State space models (SSMs) like Mamba have gained significant traction as efficient alternatives to Transformers, achieving linear complexity while maintaining competitive performance. However, Hidden State Poisoning Attacks (HiSPAs), a recently discovered vulnerability that corrupts SSM memory through adversarial strings, pose a critical threat to these architectures and their hybrid variants. Framing the HiSPA mitigation task as a binary classification problem at the token level, we introduce the CLASP model to defend against this threat.

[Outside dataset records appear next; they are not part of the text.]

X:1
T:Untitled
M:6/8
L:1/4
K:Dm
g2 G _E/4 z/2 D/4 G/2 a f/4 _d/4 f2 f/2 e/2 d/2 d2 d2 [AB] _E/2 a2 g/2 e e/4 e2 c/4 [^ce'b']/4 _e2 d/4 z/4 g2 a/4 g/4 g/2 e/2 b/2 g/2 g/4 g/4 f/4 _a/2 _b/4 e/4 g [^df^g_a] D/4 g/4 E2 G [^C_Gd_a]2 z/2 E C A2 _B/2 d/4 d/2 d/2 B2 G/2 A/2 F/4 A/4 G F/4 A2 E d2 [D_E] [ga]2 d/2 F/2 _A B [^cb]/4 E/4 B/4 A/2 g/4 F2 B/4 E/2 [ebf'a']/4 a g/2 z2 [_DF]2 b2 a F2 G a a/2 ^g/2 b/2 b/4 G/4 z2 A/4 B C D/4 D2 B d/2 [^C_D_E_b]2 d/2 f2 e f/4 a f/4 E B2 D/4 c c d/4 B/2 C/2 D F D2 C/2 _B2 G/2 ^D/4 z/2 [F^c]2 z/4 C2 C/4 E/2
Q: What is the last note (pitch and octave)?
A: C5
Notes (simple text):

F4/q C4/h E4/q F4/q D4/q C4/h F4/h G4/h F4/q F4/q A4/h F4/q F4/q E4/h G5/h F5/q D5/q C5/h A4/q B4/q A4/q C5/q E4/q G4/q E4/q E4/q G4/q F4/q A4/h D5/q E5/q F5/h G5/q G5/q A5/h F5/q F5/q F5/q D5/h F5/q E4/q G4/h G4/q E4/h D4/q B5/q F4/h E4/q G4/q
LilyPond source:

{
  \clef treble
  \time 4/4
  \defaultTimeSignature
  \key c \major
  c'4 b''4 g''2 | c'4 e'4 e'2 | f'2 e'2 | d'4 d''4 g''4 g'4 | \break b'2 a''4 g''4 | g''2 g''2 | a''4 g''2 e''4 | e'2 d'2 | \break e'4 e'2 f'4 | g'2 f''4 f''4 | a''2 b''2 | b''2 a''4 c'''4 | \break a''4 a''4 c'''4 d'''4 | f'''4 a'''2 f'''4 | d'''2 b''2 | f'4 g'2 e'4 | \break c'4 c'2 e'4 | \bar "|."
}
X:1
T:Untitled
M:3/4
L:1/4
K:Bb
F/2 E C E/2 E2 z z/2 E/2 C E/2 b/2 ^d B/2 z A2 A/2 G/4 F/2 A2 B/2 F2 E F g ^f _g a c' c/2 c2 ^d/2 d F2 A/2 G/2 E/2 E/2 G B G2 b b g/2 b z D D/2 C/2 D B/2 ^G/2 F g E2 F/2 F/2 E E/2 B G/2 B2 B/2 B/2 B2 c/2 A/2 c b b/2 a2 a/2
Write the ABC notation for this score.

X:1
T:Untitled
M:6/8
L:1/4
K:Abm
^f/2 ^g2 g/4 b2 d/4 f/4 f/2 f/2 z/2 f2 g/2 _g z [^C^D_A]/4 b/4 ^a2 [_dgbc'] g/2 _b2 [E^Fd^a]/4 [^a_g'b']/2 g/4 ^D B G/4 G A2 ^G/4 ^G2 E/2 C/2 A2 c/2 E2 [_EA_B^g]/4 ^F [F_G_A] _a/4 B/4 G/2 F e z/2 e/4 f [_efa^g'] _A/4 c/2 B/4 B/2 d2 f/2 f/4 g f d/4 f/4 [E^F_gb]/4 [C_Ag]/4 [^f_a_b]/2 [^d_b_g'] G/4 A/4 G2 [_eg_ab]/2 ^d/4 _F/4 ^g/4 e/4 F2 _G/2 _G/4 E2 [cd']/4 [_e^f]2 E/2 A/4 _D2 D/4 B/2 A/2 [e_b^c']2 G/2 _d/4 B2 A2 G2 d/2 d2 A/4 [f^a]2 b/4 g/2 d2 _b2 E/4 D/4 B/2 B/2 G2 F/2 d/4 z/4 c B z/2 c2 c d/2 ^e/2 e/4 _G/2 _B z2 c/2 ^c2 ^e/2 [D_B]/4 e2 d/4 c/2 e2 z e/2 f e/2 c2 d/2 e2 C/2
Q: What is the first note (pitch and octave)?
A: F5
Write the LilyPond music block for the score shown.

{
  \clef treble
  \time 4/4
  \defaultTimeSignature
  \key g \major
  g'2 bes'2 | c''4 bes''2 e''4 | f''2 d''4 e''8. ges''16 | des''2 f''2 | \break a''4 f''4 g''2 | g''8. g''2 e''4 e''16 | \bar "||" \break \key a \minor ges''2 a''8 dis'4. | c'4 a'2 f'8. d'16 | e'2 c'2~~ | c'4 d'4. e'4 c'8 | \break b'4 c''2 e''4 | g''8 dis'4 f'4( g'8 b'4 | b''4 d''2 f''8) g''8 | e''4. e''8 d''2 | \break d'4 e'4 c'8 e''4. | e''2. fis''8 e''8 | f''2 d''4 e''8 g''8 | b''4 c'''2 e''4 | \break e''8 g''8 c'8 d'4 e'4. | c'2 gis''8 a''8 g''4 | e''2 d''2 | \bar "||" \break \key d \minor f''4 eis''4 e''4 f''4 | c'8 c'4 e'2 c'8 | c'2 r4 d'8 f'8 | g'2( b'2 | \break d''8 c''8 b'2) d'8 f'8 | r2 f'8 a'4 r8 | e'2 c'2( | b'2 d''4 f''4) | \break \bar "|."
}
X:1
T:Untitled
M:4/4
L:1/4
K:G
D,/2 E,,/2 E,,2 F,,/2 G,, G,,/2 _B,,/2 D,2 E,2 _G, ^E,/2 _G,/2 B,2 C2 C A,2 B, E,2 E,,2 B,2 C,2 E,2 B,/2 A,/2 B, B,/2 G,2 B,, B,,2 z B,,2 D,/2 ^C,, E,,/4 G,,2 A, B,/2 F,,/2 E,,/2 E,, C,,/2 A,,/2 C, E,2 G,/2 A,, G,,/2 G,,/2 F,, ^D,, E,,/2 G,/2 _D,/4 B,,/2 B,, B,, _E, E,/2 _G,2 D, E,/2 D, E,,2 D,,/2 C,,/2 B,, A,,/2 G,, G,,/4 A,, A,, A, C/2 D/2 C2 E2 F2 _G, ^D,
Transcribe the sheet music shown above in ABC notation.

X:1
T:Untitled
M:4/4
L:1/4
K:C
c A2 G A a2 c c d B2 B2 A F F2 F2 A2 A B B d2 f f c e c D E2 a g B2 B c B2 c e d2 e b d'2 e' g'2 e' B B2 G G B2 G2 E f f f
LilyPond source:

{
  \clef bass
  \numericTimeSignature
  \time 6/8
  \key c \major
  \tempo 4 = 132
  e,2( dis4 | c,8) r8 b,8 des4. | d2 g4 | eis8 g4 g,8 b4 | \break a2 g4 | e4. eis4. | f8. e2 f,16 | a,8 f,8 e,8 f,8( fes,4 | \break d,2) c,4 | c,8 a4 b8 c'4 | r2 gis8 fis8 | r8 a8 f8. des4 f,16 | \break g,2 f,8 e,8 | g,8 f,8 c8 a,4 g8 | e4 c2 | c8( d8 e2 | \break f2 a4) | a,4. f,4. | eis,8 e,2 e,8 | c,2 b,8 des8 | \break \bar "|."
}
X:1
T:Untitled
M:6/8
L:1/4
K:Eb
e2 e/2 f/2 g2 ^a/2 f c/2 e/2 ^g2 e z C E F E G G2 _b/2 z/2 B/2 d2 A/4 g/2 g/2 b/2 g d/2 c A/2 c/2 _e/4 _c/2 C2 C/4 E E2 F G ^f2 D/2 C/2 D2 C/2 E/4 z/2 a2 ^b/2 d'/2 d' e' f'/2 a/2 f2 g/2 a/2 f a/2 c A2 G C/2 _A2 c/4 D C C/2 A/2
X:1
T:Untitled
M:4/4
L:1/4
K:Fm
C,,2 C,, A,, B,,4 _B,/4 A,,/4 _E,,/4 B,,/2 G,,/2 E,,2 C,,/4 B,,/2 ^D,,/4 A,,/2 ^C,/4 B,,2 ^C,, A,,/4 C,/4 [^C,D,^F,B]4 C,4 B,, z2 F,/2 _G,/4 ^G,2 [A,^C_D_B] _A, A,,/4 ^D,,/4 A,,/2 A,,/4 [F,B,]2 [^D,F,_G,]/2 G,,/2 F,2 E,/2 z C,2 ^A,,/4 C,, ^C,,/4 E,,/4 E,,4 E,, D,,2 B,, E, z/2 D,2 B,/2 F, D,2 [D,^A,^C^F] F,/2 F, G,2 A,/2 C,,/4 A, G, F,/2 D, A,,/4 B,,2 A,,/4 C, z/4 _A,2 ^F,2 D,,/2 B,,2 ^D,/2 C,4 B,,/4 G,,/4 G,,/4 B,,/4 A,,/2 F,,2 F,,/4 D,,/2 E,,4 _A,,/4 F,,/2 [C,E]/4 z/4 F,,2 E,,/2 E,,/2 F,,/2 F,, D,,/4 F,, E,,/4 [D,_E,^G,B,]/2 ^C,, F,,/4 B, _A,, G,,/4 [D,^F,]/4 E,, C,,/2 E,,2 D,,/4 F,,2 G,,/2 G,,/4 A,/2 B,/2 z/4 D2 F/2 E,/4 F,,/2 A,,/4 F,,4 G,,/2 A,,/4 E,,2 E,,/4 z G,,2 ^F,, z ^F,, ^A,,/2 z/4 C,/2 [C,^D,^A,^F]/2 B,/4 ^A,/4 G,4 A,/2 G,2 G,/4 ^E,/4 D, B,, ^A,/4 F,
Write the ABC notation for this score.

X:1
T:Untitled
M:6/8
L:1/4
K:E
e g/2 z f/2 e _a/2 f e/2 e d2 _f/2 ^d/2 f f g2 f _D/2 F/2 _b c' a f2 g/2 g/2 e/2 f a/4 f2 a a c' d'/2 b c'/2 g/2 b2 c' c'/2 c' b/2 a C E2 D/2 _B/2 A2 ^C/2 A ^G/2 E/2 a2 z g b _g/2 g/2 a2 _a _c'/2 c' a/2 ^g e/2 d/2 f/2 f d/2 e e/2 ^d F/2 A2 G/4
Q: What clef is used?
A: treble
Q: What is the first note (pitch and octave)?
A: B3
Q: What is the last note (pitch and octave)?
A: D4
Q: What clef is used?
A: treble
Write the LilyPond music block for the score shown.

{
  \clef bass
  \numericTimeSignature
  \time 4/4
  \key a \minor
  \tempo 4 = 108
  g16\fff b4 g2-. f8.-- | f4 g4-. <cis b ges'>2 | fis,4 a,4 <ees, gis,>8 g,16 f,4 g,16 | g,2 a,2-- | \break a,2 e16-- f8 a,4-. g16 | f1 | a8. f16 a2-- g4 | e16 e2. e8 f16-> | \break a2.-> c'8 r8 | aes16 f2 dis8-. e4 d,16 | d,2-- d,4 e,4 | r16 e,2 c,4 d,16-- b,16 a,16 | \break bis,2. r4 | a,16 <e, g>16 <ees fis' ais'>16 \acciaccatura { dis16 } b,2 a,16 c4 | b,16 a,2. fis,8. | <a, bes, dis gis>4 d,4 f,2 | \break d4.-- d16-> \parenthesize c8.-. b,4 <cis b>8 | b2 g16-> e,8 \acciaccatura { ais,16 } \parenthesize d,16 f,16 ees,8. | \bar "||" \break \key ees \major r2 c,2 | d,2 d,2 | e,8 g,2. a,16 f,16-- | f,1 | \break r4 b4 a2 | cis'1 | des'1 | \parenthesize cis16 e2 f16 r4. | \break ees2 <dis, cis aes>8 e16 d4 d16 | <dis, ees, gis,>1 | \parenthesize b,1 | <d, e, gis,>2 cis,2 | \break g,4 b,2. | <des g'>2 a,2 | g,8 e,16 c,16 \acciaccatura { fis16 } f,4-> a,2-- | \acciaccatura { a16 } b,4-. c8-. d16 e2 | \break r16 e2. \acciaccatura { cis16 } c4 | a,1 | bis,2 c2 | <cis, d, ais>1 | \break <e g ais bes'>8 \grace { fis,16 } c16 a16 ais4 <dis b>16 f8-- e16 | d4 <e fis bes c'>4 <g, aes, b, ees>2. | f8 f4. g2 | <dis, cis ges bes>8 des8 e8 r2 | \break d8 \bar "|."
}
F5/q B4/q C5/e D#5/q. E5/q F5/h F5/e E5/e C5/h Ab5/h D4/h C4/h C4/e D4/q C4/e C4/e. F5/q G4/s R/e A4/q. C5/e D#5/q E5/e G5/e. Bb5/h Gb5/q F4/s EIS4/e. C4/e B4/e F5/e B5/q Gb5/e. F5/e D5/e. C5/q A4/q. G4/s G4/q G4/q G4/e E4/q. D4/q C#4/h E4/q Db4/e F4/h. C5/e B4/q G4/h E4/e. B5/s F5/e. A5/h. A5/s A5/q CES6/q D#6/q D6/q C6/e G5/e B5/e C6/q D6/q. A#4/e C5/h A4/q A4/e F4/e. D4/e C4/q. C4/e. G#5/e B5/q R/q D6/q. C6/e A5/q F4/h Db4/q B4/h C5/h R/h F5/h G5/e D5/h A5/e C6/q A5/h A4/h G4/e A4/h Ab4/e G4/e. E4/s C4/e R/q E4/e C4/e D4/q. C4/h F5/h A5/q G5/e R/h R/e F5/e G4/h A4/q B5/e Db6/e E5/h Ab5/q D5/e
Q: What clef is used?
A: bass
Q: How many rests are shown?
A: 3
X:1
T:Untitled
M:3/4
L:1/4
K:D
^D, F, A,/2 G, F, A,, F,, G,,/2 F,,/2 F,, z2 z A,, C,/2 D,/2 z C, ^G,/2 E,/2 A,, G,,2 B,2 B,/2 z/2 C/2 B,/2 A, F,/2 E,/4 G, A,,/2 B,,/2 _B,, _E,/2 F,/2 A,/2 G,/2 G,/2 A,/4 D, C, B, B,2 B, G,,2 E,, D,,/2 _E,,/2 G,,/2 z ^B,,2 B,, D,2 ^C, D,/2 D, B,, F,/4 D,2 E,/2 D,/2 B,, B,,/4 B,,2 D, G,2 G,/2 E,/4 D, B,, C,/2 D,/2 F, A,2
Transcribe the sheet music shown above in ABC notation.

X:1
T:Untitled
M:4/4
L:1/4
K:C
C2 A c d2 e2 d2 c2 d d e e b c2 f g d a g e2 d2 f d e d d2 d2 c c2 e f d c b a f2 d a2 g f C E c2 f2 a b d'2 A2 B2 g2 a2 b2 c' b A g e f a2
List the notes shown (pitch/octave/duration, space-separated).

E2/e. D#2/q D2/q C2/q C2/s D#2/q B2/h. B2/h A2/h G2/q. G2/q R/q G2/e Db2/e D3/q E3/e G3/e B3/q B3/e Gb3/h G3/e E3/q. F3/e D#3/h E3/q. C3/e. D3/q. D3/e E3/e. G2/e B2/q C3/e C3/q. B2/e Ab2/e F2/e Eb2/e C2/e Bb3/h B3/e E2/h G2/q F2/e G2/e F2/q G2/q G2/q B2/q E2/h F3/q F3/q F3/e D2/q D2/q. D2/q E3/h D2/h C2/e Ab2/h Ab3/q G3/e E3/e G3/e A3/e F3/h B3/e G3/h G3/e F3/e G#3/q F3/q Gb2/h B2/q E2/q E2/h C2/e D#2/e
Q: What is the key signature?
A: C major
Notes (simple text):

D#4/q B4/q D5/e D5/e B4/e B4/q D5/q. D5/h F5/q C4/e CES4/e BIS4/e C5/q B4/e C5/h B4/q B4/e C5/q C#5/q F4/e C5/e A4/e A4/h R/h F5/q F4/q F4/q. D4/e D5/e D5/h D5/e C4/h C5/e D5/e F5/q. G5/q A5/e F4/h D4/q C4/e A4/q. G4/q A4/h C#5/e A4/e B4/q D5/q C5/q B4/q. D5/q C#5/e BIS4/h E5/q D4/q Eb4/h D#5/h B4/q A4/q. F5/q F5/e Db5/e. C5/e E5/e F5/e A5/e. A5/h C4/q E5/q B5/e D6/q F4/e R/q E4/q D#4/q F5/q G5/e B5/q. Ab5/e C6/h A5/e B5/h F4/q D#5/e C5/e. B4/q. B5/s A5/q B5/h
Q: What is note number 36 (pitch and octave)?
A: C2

CLASP exploits distinct patterns in Mamba's block output embeddings (BOEs) and uses an XGBoost classifier to identify malicious tokens with minimal computational overhead. We consider a realistic scenario in which both SSMs and HiSPAs are likely to be used: an LLM screening résumés to identify the best candidates for a role. Evaluated on a corpus of 2,483 résumés totaling 9.5M tokens with controlled injections, CLASP achieves 95.9% token-level F1 score and 99.3% document-level F1 score on malicious tokens detection. Crucially, the model generalizes to unseen attack patterns: under leave-one-out cross-validation, performance remains high (96.9% document-level F1), while under clustered cross-validation with structurally novel triggers, it maintains useful detection capability (91.6% average document-level F1). Operating independently of any downstream model, CLASP processes 1,032 tokens per second with under 4GB VRAM consumption, potentially making it suitable for real-world deployment as a lightweight front-line defense for SSM-based and hybrid architectures. All code and detailed results are available at https://anonymous.4open.science/r/hispikes-91C0.

Figures (6)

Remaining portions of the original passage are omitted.